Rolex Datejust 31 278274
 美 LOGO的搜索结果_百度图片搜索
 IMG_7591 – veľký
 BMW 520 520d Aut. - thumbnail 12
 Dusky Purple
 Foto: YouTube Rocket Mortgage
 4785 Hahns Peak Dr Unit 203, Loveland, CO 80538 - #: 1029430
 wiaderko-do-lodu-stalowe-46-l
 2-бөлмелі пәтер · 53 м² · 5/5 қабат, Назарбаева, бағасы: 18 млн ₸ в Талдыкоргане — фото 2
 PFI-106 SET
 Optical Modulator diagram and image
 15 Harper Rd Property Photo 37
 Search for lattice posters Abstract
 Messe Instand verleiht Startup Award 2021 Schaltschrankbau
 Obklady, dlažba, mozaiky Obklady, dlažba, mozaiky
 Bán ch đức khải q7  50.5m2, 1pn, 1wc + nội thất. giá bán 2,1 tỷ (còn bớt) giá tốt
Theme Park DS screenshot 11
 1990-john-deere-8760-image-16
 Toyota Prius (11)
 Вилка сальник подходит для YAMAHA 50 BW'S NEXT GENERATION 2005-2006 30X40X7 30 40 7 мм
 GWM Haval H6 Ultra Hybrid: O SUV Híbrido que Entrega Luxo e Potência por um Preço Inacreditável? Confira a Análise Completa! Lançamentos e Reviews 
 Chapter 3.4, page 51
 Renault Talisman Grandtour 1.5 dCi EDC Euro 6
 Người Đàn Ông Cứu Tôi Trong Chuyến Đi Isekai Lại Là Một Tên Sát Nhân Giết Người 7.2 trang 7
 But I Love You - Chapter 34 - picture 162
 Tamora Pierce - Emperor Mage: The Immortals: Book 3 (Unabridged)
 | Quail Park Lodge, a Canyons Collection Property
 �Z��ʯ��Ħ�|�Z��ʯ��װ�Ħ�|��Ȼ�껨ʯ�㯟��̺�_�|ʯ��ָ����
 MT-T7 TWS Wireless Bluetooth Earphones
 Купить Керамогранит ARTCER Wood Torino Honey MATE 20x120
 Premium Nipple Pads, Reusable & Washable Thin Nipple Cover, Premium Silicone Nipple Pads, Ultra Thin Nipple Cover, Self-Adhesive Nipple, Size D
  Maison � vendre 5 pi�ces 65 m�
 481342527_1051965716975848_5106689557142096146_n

..............................

■ **Aim of the task**:
The answer must be every line of the data that contains the word "image".

■ **Result of the exercise**:
 Optical Modulator diagram and image
 1990-john-deere-8760-image-16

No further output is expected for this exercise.